Available data >>
Segment Open

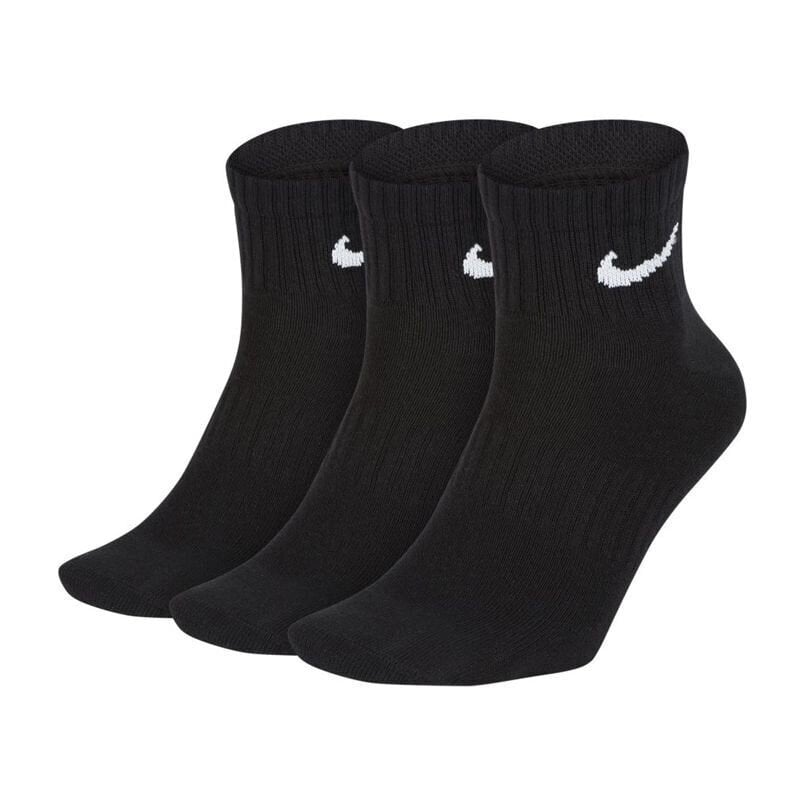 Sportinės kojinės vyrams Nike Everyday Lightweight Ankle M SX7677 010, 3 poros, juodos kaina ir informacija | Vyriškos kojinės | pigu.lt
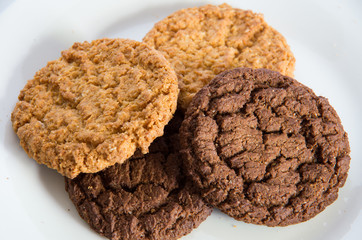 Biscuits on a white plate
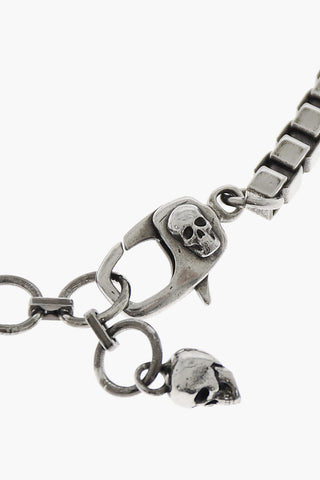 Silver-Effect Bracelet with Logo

Segment Closed

Work task >> Exact copies of the lines from the one containing "Biscuits on a white plate" through the final line of the data are required; pictures are to be omitted.

Exercise response >>
 Biscuits on a white plate
 Silver-Effect Bracelet with Logo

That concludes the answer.